We'd like to retire in about 20 years - I'll be 57 and DH will be 62. If I figure inflation to be about 5%, then the multiplier from the "Estimating Future Needs" post would be 2.6. So we'll need about ($35,000 x 2.6 = 91,000) $91,000/year in 20 years.

Our rental property, if I remove the outstanding debt (which will be paid off) currently brings in about $9,000 annually, after expenses. Since I'm multiplying my future expenses by 2.6, I'm going to go ahead and multiply this current income by 2.6 to come up with a future figure: $23,400 annually. I'll call it $23,000. So I can count on an income from our rental property of about $23,000/year.

That means I'm going to need to come up with ($91,000 - $23,000 = $68,000) $68,000/year from somewhere.

On DH's most recent Social Security statement, they said that if he stops working today he'll be entitled to $921/month at 62. Since he plans on continuing to work, I'm going to estimate that at $1,000/month (as you can see, I'm very conservative - but I am hoping that SS will still be around in 20 years). So there's another $12,000/year in income.

So, taking SS into account, we're going to need ($91,000 - $23,000 - $12,000 = $56,000) $56,000/year from somewhere.

If I figure the typical stock/bond investment combo to yield about 8% annually, and figure inflation to remain at 5%, then I need to figure out how much needs to be invested in order to generate $56,000 at a 3% rate of return (8% - 5% = 3%).

If I don't want to dip into my principal (and I don't), I'll need ($56,000 / .03 = $1,866,667) $1,866,667 to generate $56,000 in investment income per year. So it looks like yesterday's estimate of $500,000 - $600,000 was a bit off.

At our current savings rate, we can't get there. At our current earnings rate, we can't increase our savings rate. So, are we up a creek without a paddle? NOOOO! I refuse to have to work any longer than absolutely necessary. Which means I'll just have to be smarter. ;)

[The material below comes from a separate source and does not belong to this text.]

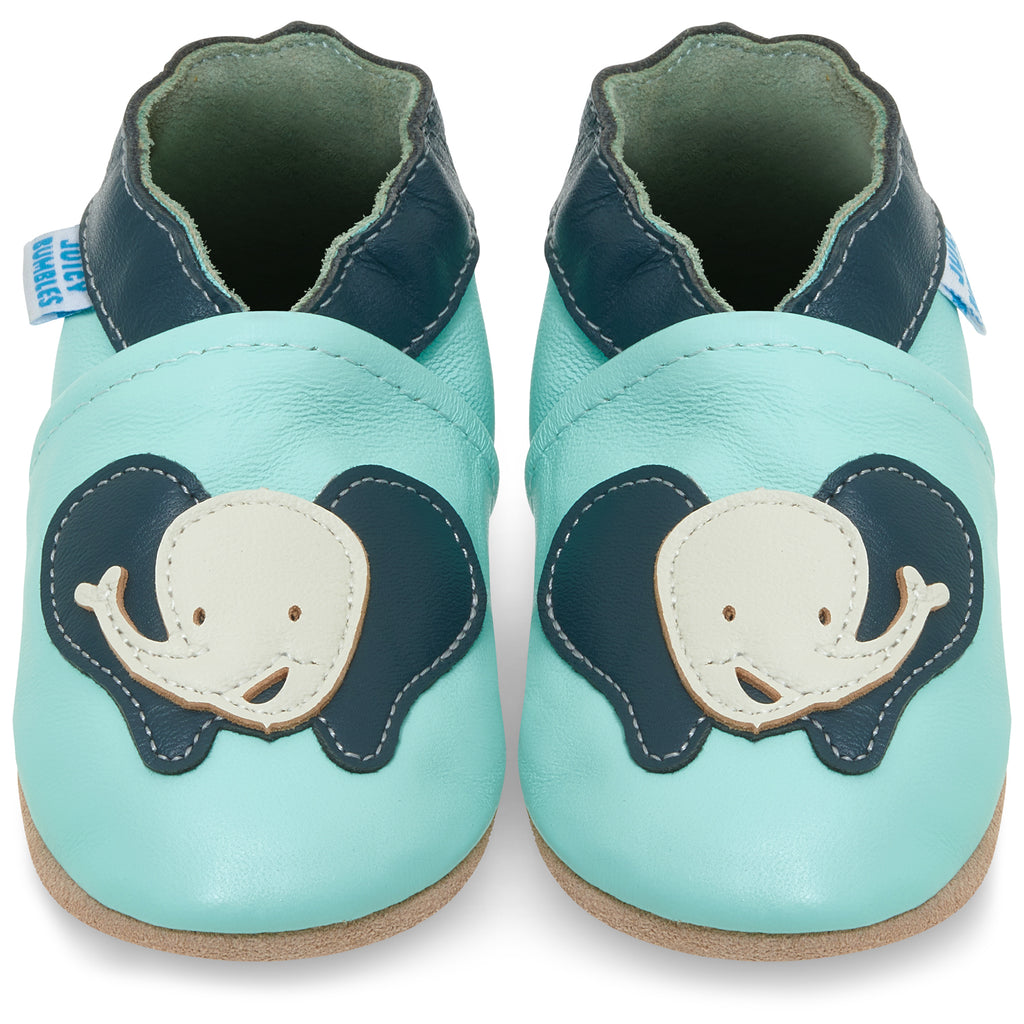 Happy Elephant Soft Leather Baby Shoes JuicyBumbles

Let's take another look at that rental property. All by itself, it's generating ($23,000 / $91,000 = 25%) 25% of the income we need to retire in the style we want. So, if we had 3 more just like it, we wouldn't need anything invested in the stock market! Now, that particular property happens to be a cash cow (mortgage is $400/mo, rents are $1,150/mo). We paid $68,500 for it in 1999. We found a motivated seller and I did a very good job of negotiating. I don't think it's realistic to believe that all the properties we buy will do as well, so I'll be happy if they just pay for themselves over time, so that when we're ready to retire we can have them all paid off.

I think it's more realistic to expect a rental property to generate about 15% of what we'll need, which would be roughly $5,250 in today's dollars. So if the one property is generating 25%, in order to make up the other 75% we'll need 5 more properties.

If I figure on them costing roughly $90,000-100,000 each, then in order to put 20% down on each, I'll need to save up about $100,000. This is in the realm of possibility for us, whereas saving up $1,866,667 is not. So this is what I'm going to try to do in order to fund our retirement in 20 years. And doing this will also mean that if SS disappears between now and then, we'll still be OK.

Then anything that we manage to sock away into the stock market is just gravy. :) And there's the chance that I'll continue to work a little bit, too. I'm currently a database consultant and work our of my home. I don't see any reason I couldn't continue that after FIRE, on a smaller scale. Plus the tax benefits are phenomenal.

I hope my illustration helped some of you look at funding your FIRE creatively. It doesn't have to be XX dollars in the market earning XX return for XX years - it just has to be something you're comfortable with.

I was pretty conservative in my calculations, figuring a pretty high inflation rate (5%) and a pretty low investment return rate (8%), but I figured it's better to over-estimate what we'll need than to under estimate. If you believe these figures will be different, then you'll come up with very different results.